REPORTAGE
Centrafrique : sur la route avec les miliciens
Par Célian Macé, Libération envoyé spécial en Centrafrique. Photos Alexis Huguet (Hans Lucas) — 9 octobre 2017 à 20:36
Dans un pays morcelé depuis 2013, l’UPC, groupe armé issu de l’éclatement de la Séléka, inspire la terreur. De Bambari à Alindao, traversée en 4×4 jusqu’à la ville refuge de leur chef Ali Darassa. Une journée de voyage ponctuée par les villages brûlés.
«J’espère que vous aimez la viande.» Hassan Bouba est prêt à partir pour Alindao, le fief de l’Union pour la paix en Centrafrique (UPC), un puissant groupe armé installé dans le Sud-Est de la Centrafrique. Ce matin-là, le jeune coordinateur politique du mouvement reçoit dans sa maison de Bambari, à 375 kilomètres de la capitale, derrière la mosquée. Des adolescents mutiques ont installé des chaises dans la courette et ont servi le thé. L’orage qui vient promet d’apporter un peu de fraîcheur pour le voyage.
L’UPC est un résidu de la Séléka, la coalition de groupes armés à dominante musulmane qui renversa le président Bozizé en 2013 avant d’être chassée du pouvoir un an plus tard. Bien qu’évincés de Bangui, les ex-Séléka, désormais divisés en plusieurs mouvements rivaux, contrôlent toujours 80 % du territoire centrafricain. La veille du départ, Hassan Bouba était dans la capitale pour discuter avec les autorités des conditions du programme de «DDR» (désarmement, démobilisation, réintégration). Mais il n’est pas question de désarmer l’UPC en ce moment. Dans la région d’Alindao, l’organisation est engagée dans une guerre sans merci contre les anti-balaka, miliciens locaux, surtout chrétiens et animistes, qui ont juré la perte des anciens Séléka.
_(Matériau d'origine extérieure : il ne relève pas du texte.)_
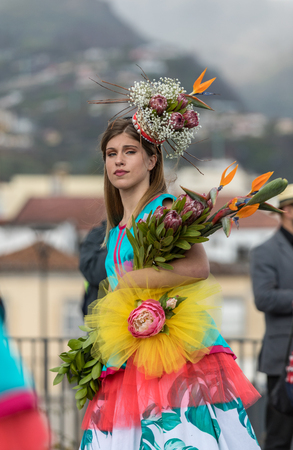 Funchal; Madeira; Portugal - April 22; 2018: Girl in a colorful costume at the Madeira Flower Festival Parade , Funchal, Madeira, Portugalのeditorial素材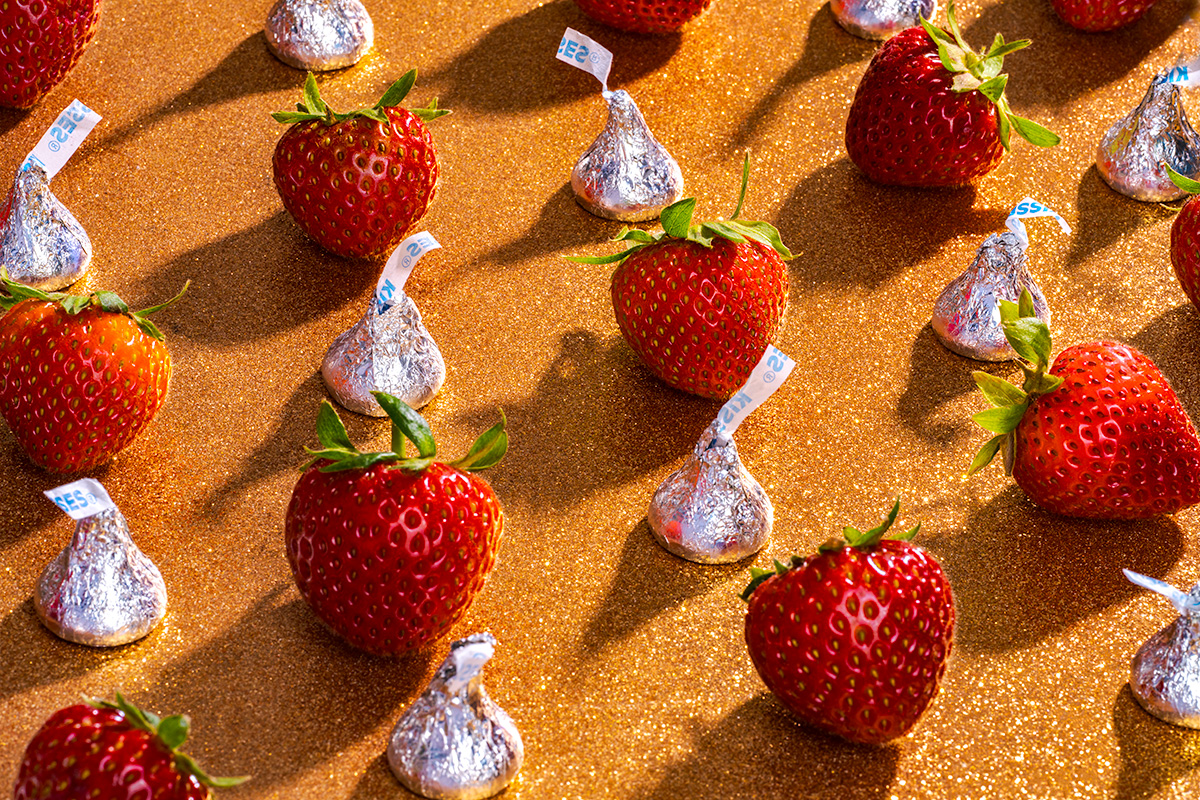 Still life photograph of strawberries and wrapped chocolate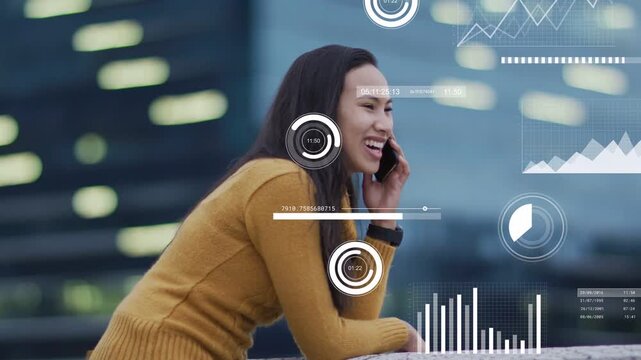 Woman leaning on railing, taking phone call while reviewing data with tech HUD charts overlaying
Hassan Bouba, qui est revenu de la capitale dans un hélicoptère de la Mission des Nations unies en Centrafrique (Minusca), le sait pertinemment, malgré son discours convenu sur la «réconciliation».
KM 1 : bergers et 4 × 4
120 kilomètres séparent Bambari, l’une des seules villes du pays déclarée «sans groupes armés», désormais sous contrôle des Casques bleus, et Alindao, le repaire du leader de l’UPC, Ali Darassa, l’un des hommes les plus craints et les plus haïs de Centrafrique. Ici, on ne parle pas de routes, mais d’«axes». Le territoire, plus vaste que la France, compte moins de 300 kilomètres de «goudron». L’axe Bambari-Alindao, ou RN2, l’un des plus importants du pays puisqu’il le traverse d’est en ouest, reliant Bangui à la frontière sud-soudanaise, n’a jamais connu d’asphalte. Il a la largeur d’un chemin forestier et est si peu fréquenté qu’il est possible de relier les deux villes sans croiser un seul engin roulant.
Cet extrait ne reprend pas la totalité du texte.